Epilogue

My name is Myrijana. My age is inconsequential. My appearance is to your own mind to conjure. To all intents and purposes, I am dead.

No. I am alive. I breathe, I consume food and water, but I cannot truly smile nor frown, neither laugh nor cry, feel neither ecstasy nor pain; I am but a shell, a vessel so empty, daily painted with pretences that allude to the impression of a sort of semi-consciousness.

Of course, my tiresome rants - and extraordinarily long sentences - perhaps deceive, for they seem to reverse the intention of my "confession". However, all this, and even the confession itself is but another of the pretences of which I speak - the illusion that I care.

My life is no longer worth anything, although I may be arrogant in assuming that it ever was.
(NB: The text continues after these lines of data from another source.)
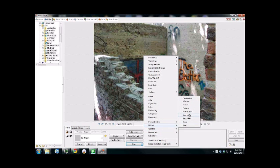We're going to select Distorts. And then we're going to do Radial Blur.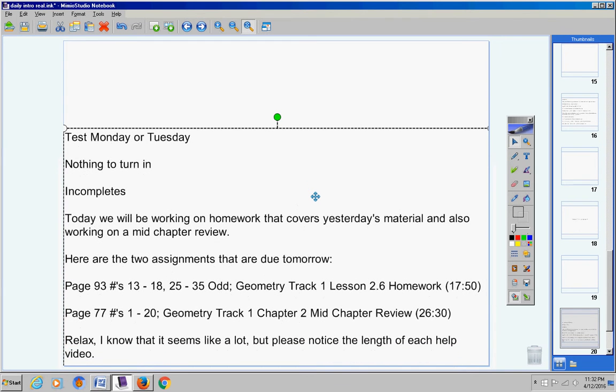Now listen, relax before you start freaking out. I know it seems like a lot but please notice the length of each help video. Each of these assignments should take you around a grand total of 40, 42, 43, 45 minutes.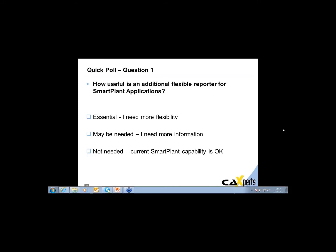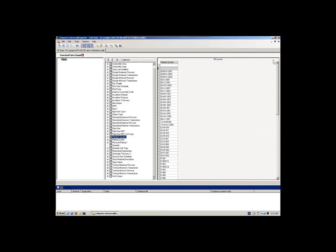Not everybody's voted, but we're getting fairly close. We'll close the poll in five, four, three, two, one. So what we've got is 28% saying essential, they need more flexibility. 72% saying they think there may be a need for it but they need more information, and 2% are very happy with the existing functionality. So we'll move back to Stefan.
And now I feel as though I must retell the story, and I can almost guarantee that I shan't be a particularly good narrator. My "wit" - consisting of pure cynicism touched with an essence of the sarcastic - coupled with my currently deadpan view of life (and, now, I realise, sheer abhoration of the concept itself) will probably drive the reader - you, my dear, I am afraid - to an early grave, if not as least the same corrupt state of mind as I; certainly, you shan't find anything particularly pleasant, as a whole, for your imagination to bear witness to.

Rape, murder, Cast and general misfortune doesn't usually make for enjoyable literature.

A/N: I'm aware that abhoration isn't a word, but Shakespeare made them up and nobody cared. And Myrijana isn't named after me; I'm named after her.